Archegos Collapse: $36B Family Office Implodes

The Archegos collapse was the sudden March 2021 implosion of Archegos Capital Management, the family office of trader Sung Kook "Bill" Hwang. Using total return swaps, Hwang built hidden, concentrated stakes worth roughly $160 billion in exposure on a portfolio later valued near $36 billion, then defaulted when a few of those stocks dropped. The unwind cost global banks more than $10 billion in a week and put Hwang in prison.

Key Takeaways

  • A family office quietly built about $160 billion in stock exposure using total return swaps before defaulting.
  • Hidden swaps let Hwang hold huge positions banks could not see across one another.
  • The March 2021 fire sale cost banks over $10 billion, including $5.5 billion at Credit Suisse.
  • Bill Hwang was convicted in 2024 and sentenced to 18 years in prison.

Background

A family office manages one wealthy family's own money and faces far lighter disclosure rules than a hedge fund taking outside capital. Archegos Capital Management was exactly that, run by Bill Hwang after his earlier firm, Tiger Asia, settled U.S. and Hong Kong actions over insider dealing. Archegos managed Hwang's personal fortune, so it filed almost nothing public about its holdings.

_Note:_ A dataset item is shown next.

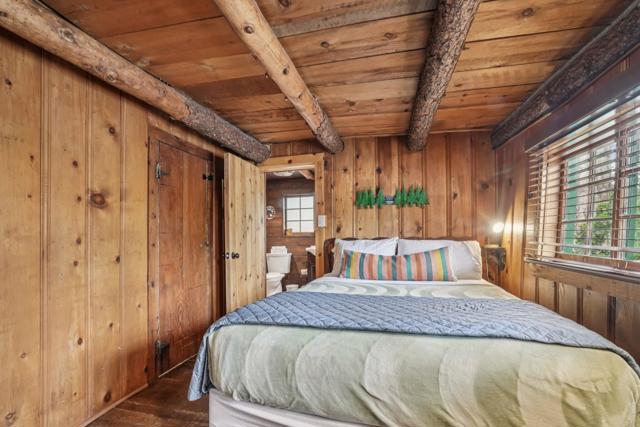 25750 Alderwood, Idyllwild CA: https://media.crmls.org/mediaz/f39232da-49af-4499-bf15-252fc2877f7a.jpg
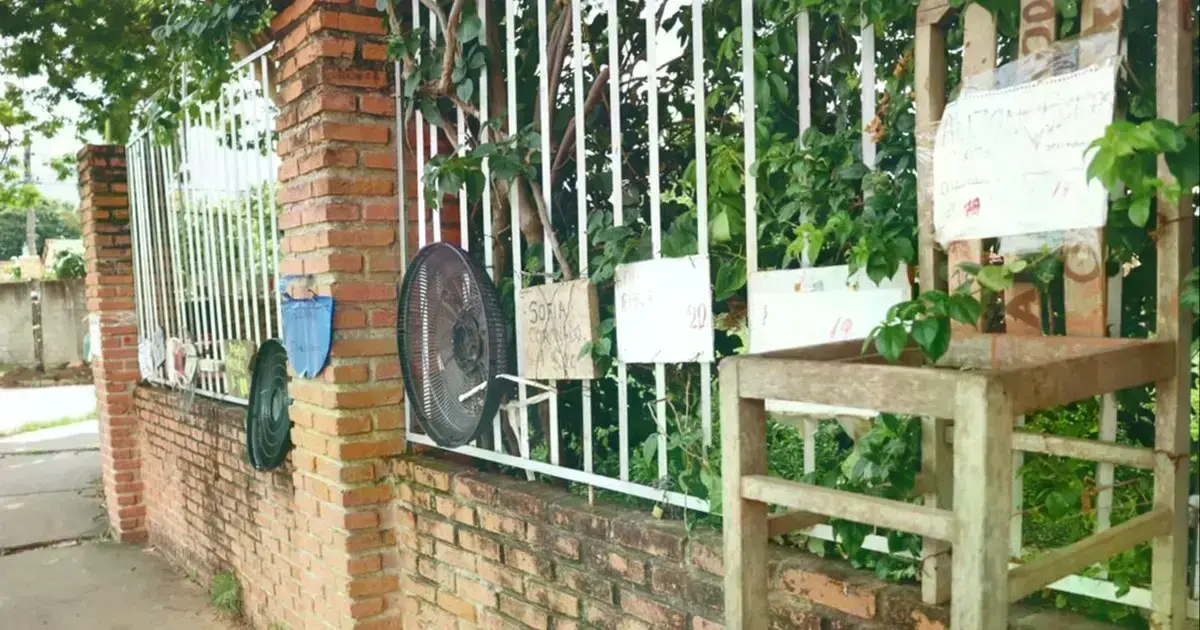 Padres de familia colgaron sillas en el colegio Florinda Barba para reservar un espacio para sus hijos.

That opacity was the point. Hwang did not buy most of his stocks outright. Instead, Archegos used total return swaps, contracts in which a bank holds the actual shares and pays the client the gain (or charges the loss) on the position in exchange for a fee. The client posts only a margin slice up front, and because the bank is the registered owner, the client's stake never shows up in the usual ownership filings.

The strategy concentrated, rather than spread, risk. According to the SEC, from March 2020 to March 2021 Archegos grew from about $1.5 billion in value with roughly $10 billion in exposure to a value of more than $36 billion with about $160 billion in exposure at its peak. Hwang funneled that buying power into a short list of names, including ViacomCBS, Discovery, Baidu, Tencent Music, GSX Techedu, and Vipshop.

Each bank saw only the slice of Archegos it traded with. No single counterparty saw the full $160 billion picture, and Archegos worked to keep it that way.

What Happened

The acute phase lasted barely a week. The trigger was ordinary: a couple of Hwang's most concentrated positions fell, margin calls followed, and the leverage did the rest.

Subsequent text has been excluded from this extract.